Interested in the nitty-gritty? Read The Importance of the Long Run by June Calet for Summa Health!

Your Brain

When you run, how often do you notice the rhythm in which your feet strike the ground? What about the angle at which the sun shines? And have you tried focusing on how your breath flows in and out of your lungs? “Mindful running is about engaging all of your senses and physical sensations and keeping your focus on how they are responding to the environment and the exercise. By starting slowly, you can pay attention to how your body responds as you slowly increase your pace and movement,” wrote Elaine Mead in her article How to Benefit from Mindful Running & Mindful Exercise for Positive Psychology.

Running intentionally will help you focus on your body and figure out better what it needs. It’ll also allow your brain to get used to the distance. In short, the longer your race, the more important is your mind game. Some go as far as to say that running an ultra is 40% physical and 60% (or more!) mental. When it starts to feel like your run is falling apart, “acknowledge your thoughts and feelings, but don’t dwell on them,” wrote Mead. “If you find yourself ruminating or becoming critical, gently bring your attention back to your breath instead of these thoughts.”
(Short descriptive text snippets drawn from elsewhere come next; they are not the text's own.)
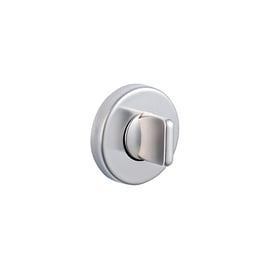 Rosace ronde inox pour béquille LC bec-cane à condamnation la paire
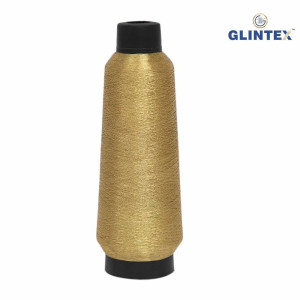 180D Polyester Metallic Yarn / Jari Kasab Color 51-L For Computer Embroidery Machines - View 3  - Computer Embroidery Polyester Jari and Metallic Yarn 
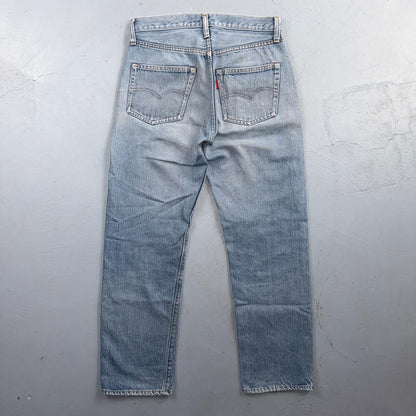 Levis 501 Vintage 80s Redline Selvedge USA XX Jeans Light Wash 30x31 Act 29x27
Your Bag, Beer, and Burritos

The long run is also an opportunity for you to focus on things like gear, fueling, hydration, and other logistics of self-care that go into any long run. These are the building blocks of your race day plan. There are a thousand and one fuelling strategies out there but there are also many runners, especially in the ultrarunning world, who decided to skip them all and rely on beer and burritos.

The long run is your opportunity to figure out what works for YOU. Try as many things as you can to build your perfect battle plan and don’t rely only on well-marketed gels, chews, and other supplements. They might have their place in your game plan, however, it’s always important to try if a specific brand or type of product works for you.

Next time, we’ll break down the WHAT of your long run and tackle some logistics. In the third and final post of this series, we’ll dig into the HOW—every runner is different, and we’ll explore some tools to tailor your long run to your experience level, life circumstance, age, and more.